__Extracted material__.
=-=-=

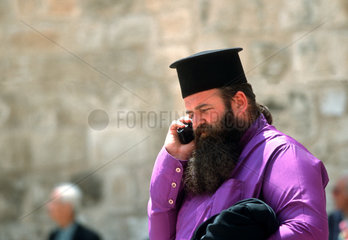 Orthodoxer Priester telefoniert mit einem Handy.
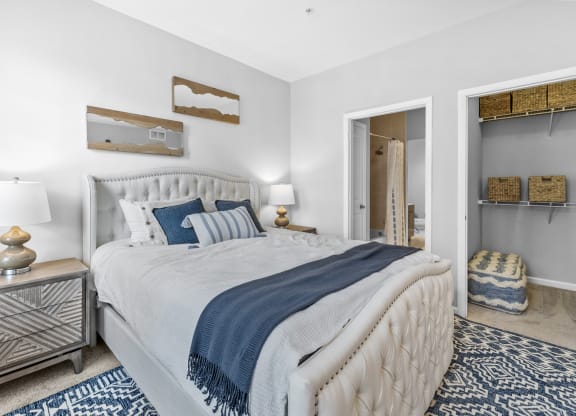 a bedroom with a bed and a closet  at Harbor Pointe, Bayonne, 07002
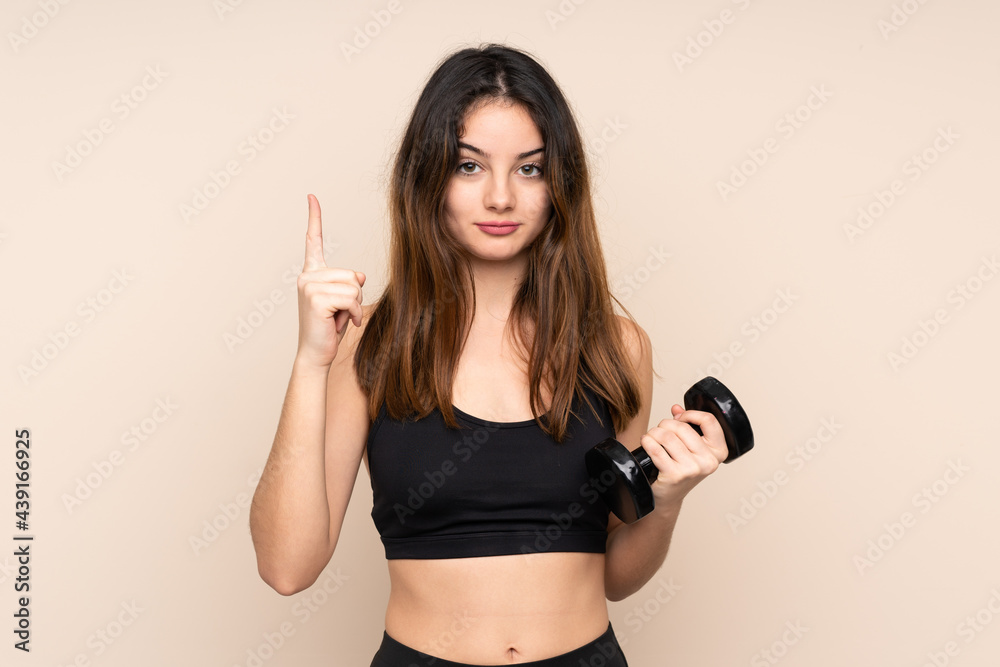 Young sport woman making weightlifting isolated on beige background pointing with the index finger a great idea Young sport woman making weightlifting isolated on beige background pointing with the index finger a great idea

=-=-=

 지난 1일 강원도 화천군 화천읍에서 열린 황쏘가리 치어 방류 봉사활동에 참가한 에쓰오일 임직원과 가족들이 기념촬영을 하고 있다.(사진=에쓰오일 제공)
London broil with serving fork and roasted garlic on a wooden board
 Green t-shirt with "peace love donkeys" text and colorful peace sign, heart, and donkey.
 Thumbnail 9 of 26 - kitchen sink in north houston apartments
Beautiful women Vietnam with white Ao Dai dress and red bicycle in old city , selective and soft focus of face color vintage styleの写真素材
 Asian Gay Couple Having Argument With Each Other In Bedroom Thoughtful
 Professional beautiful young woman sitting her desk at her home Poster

=-=-=

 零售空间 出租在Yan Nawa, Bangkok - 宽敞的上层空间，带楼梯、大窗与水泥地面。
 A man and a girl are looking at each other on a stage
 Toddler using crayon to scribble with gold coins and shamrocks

=-=-=

__Task item__. Would you quote everything above from the line containing "Asian Gay Couple" down to the line containing "Professional beautiful young"? Include both of those lines and nothing else.

__Answer space__.
 Asian Gay Couple Having Argument With Each Other In Bedroom Thoughtful
 Professional beautiful young woman sitting her desk at her home Poster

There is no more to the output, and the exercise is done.